TRIBUNNEWS.COM, JAKARTA - Percepatan pelaksanaan pemilu untuk memilih presiden baru demi perubahan seperti diwacanakan pengacara gaek Adnan Buyung Nasution mendapat kritik tajam.
Politisi Gerindra, Abdul Harris Bobihoe menolak percepatan pelaksanaan pemilu tidak diharapkan karena kepemimpinan Pemerintahan Susilo Bambang Yudhoyono-Boediono masih sah.
"Bagi kita inkonstitusional. Kita tidak menginginkan itu. Ada tahapan untuk pelaksanaan pemilu," ujar Abdul usai diskusi bersama wartawan di Media Center KPU, Menteng, Jakarta, Jumat (22/3/2013).
Wakil Sekretaris Jenderal Gerindra ini menambahkan, siapapun harus menghormati tahapan pemilu yang sudah ditetapkan KPU berdasar peraturan dan perundang-undangan yang berlaku.
"Kecuali, memang ada kepala negara mengundurkan diri. Pasti akan ada pemilu dipercepat," terang Abdul sambil menegaskan, harusnya siapa pun tak memiliki pemikiran pemilu dipercepat.
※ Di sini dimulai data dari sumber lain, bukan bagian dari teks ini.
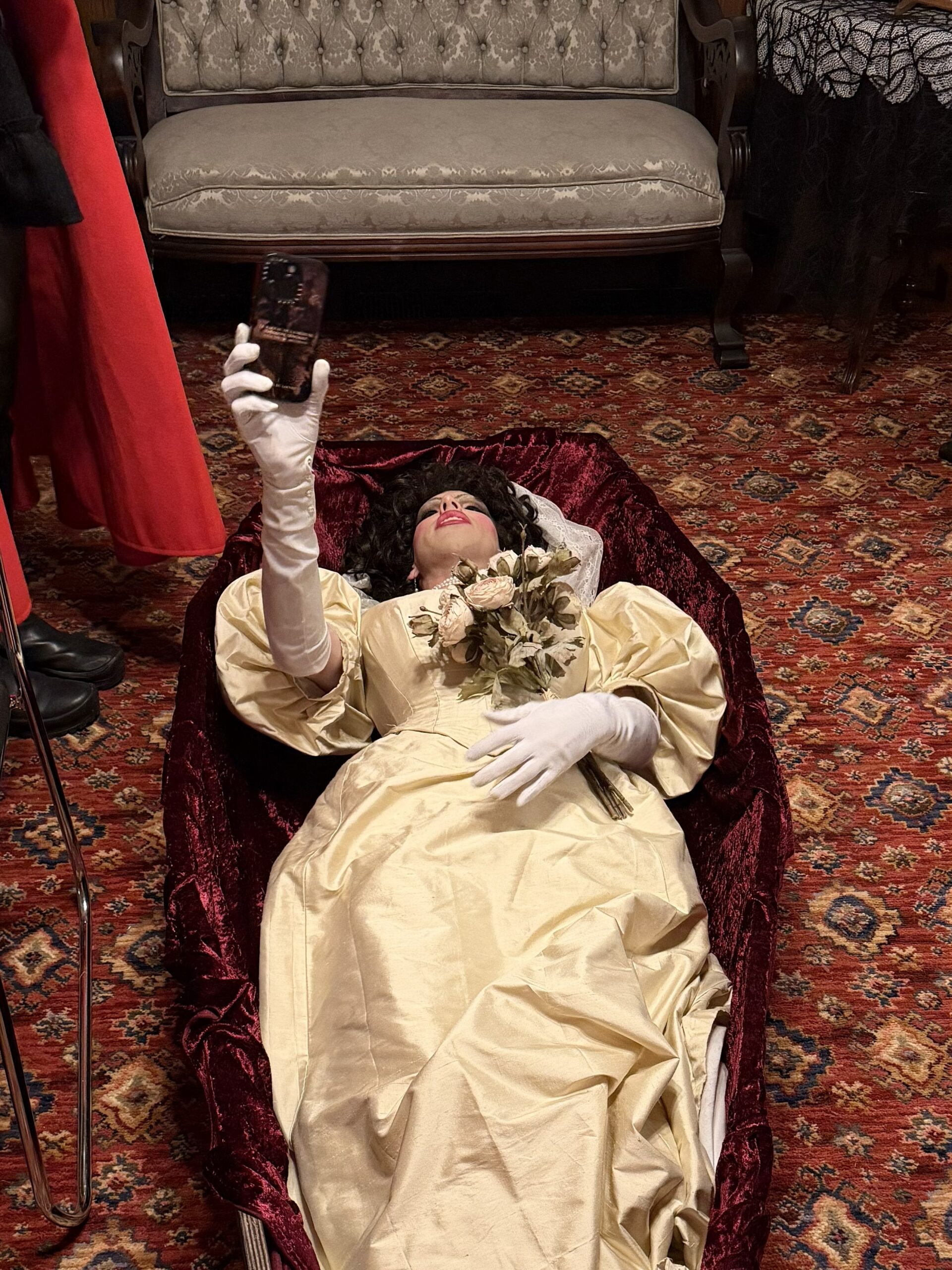 An edwardian bride in a white silk dress lies in a coffin.She's taking a selfie on a cell phone.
Mengaca pada kondisi saat ini, lanjut Abdul, tak ada hal krusial untuk mempercepat pemilu. Maka, terkait pergantian kepala negara lewat pemilu harus juga didasarkan pada cara konstitusional.
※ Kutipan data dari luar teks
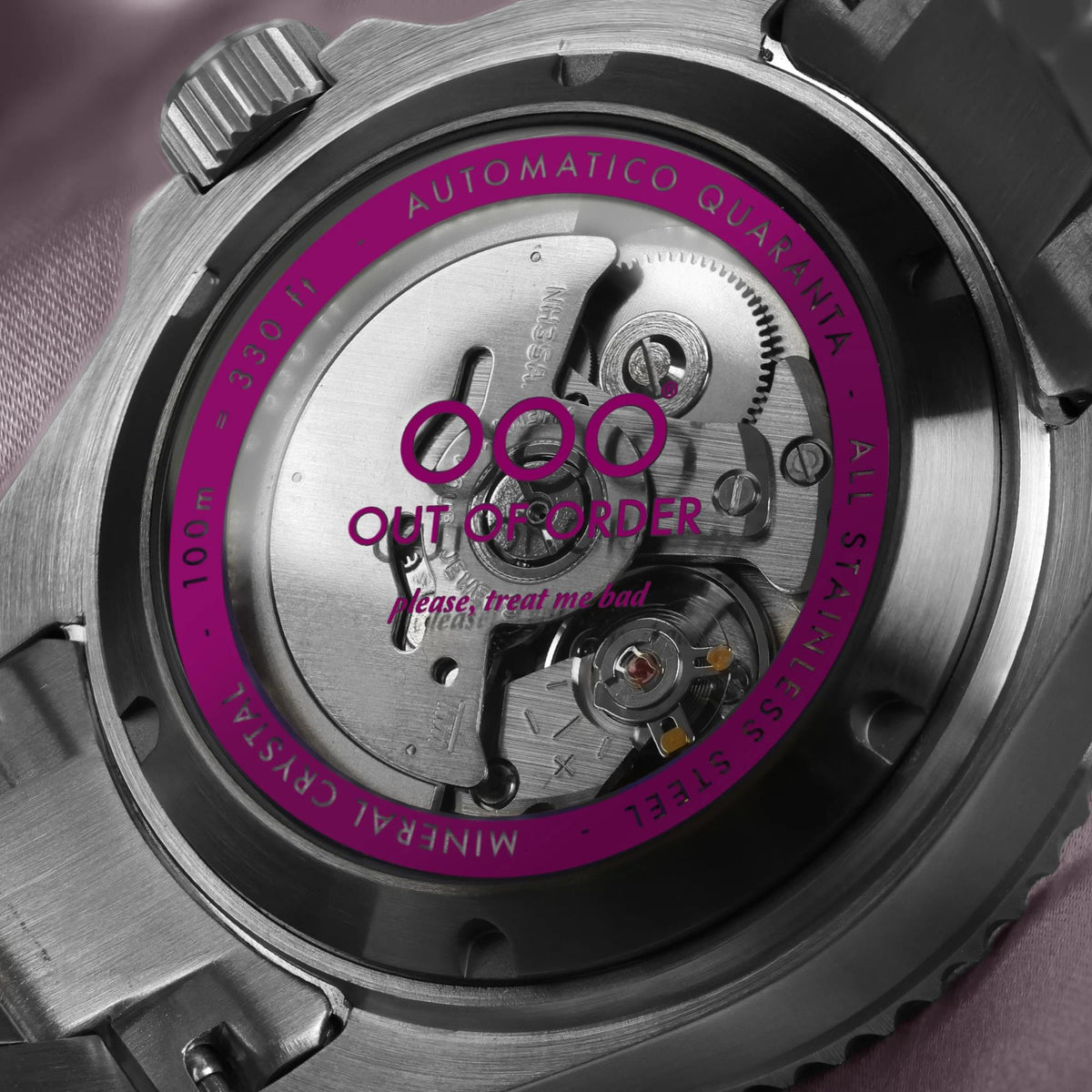 Stainless steel watch caseback with magenta ring and engraved automatic parts.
Sebelumnya, Adnan Buyung mengatakan pemilu harus dipercepat untuk mendapatkan kepala negara yang bersih menyusul Pemerintahan SBY-Boediono telah gagal mensejahterakan rakyat.
Sisa pemerintahan satu tahun setengah, tak bisa lagi dipertahankan. Ia memprediksi sisa jabatan SBY-Boediono tak bisa memberikan jaminan untuk mengeluarkan masyarakat dari kesusahan.
"Kita bisa menuntut untuk jalannya pemerintahan. Rakyat tak pusa dapat meminta pemilu dipercepat dan itu konstitusional. Supaya rakyat dapat memilih presiden yang baru," ujar Adnan Buyung.